• Required work:
Reproduce exactly the entries from the "Empty road in city at night" line to the end. Skip all pictures.

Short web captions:
-=-=-=-=-

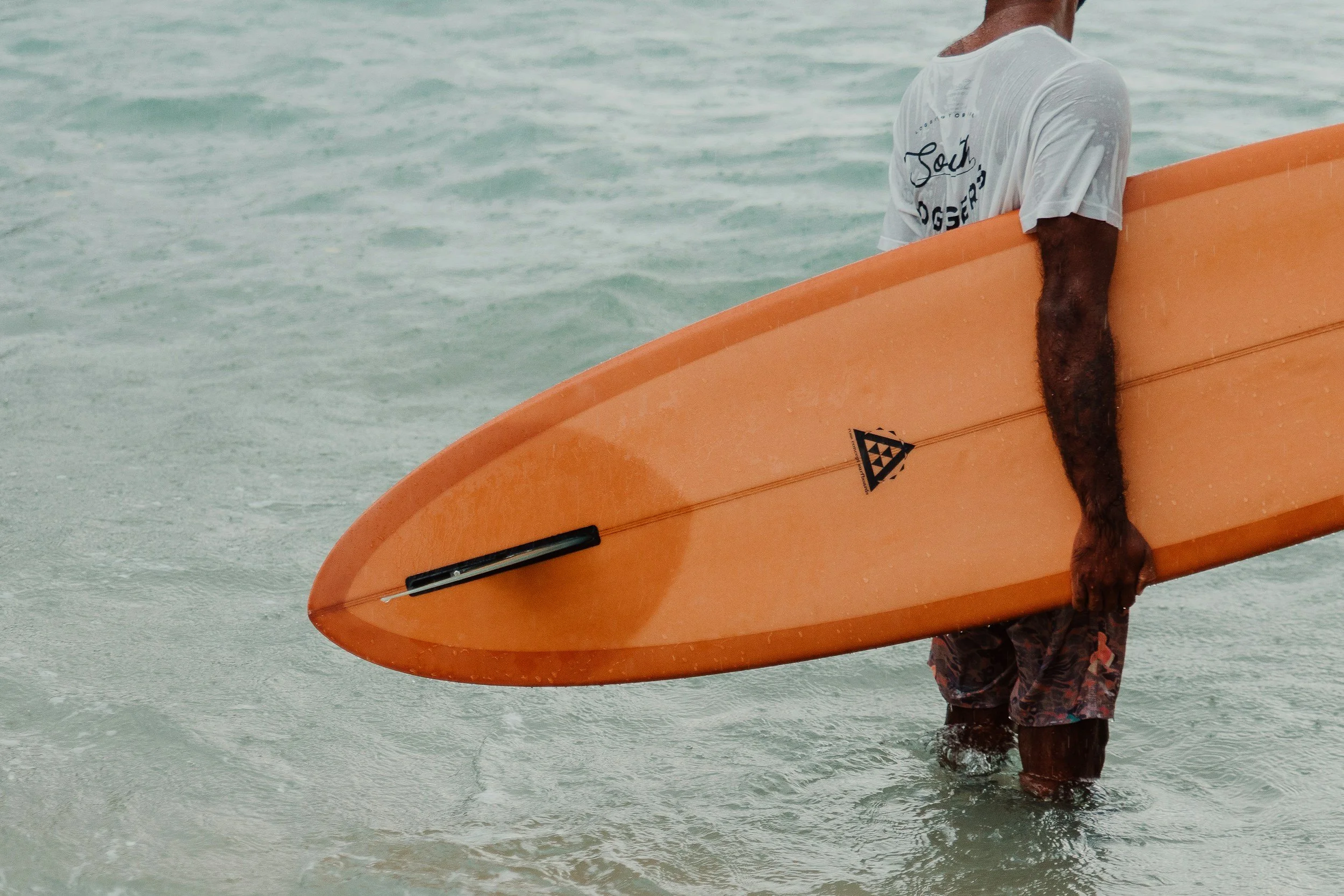 A person standing waist-deep in the water holding an orange surfboard with a black fin and leash, wearing a white T-shirt and patterned shorts.
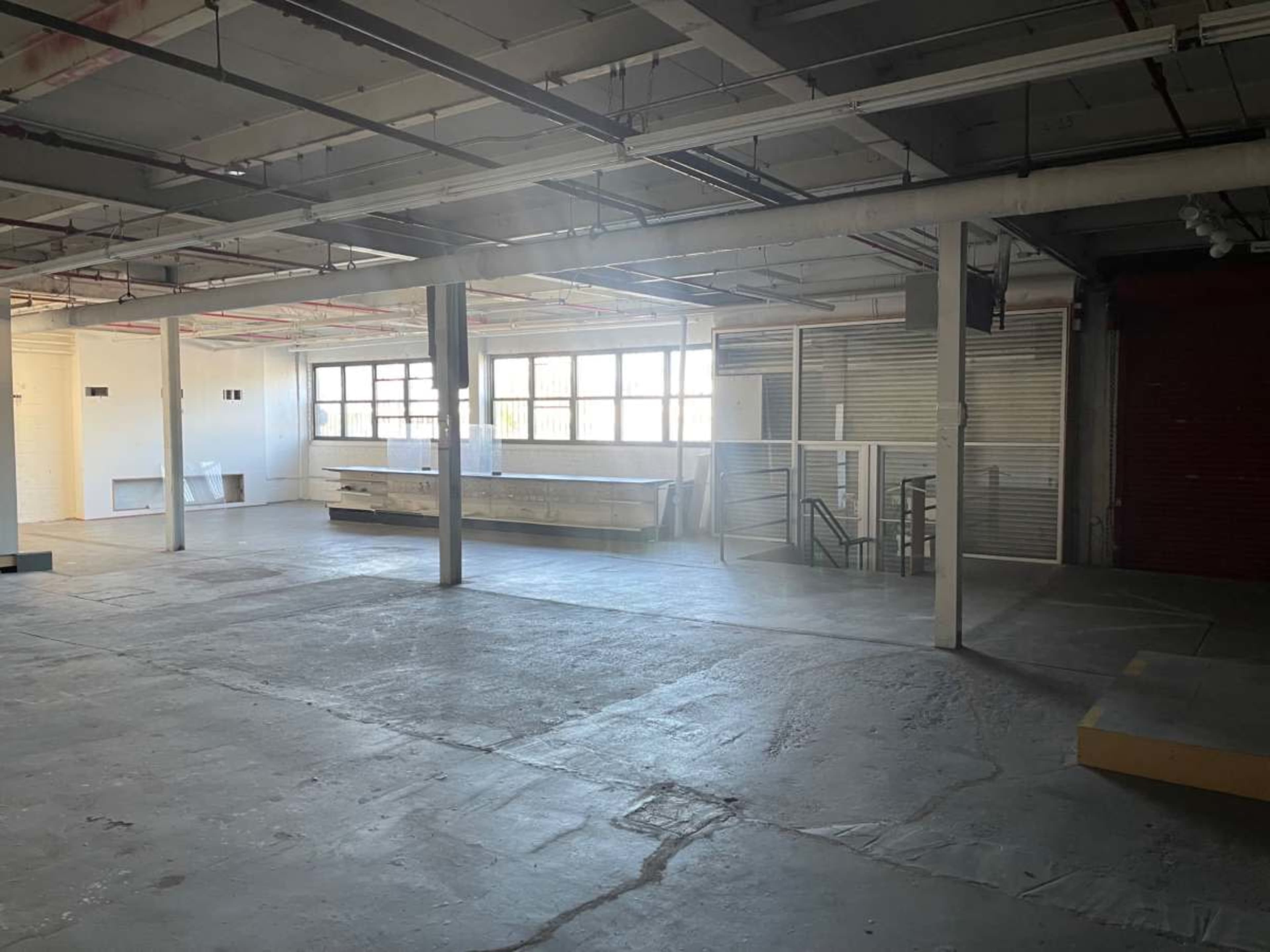 The image shows a spacious, empty industrial room with large windows and exposed beams.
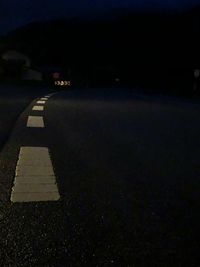 Empty road in city at night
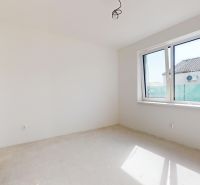 Helles Zimmer im Einfamilienhaus mit großem Fenster, unfertiger Boden, weiße Wände.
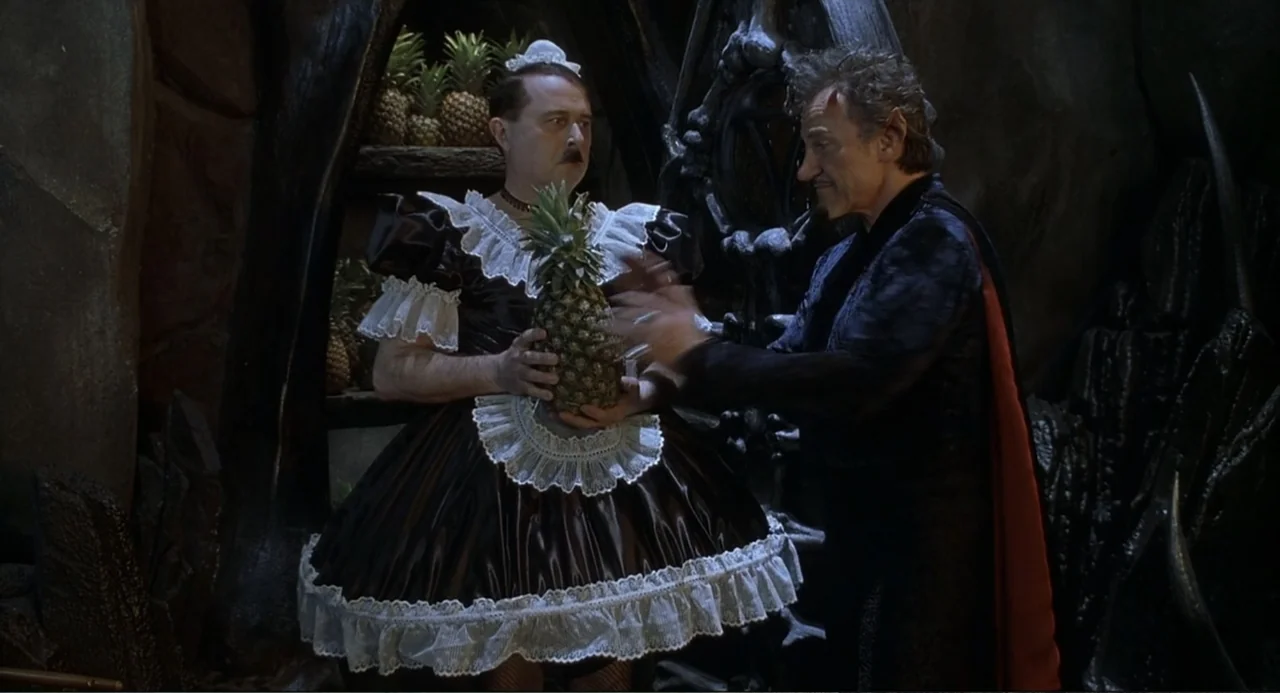 Little Nicky (2000) movie still: medium — A dark, rocky chamber contains shelves lined with several whole pineapples. A man in a maid costume stands…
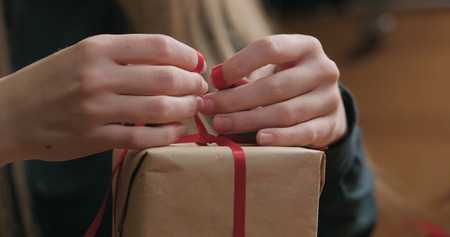 Closeup shot of female hands tying red ribbon bow on craft paper gift box, wide photoの写真素材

-=-=-=-=-

• Output:
 Empty road in city at night
 Helles Zimmer im Einfamilienhaus mit großem Fenster, unfertiger Boden, weiße Wände.
 Little Nicky (2000) movie still: medium — A dark, rocky chamber contains shelves lined with several whole pineapples. A man in a maid costume stands…
 Closeup shot of female hands tying red ribbon bow on craft paper gift box, wide photoの写真素材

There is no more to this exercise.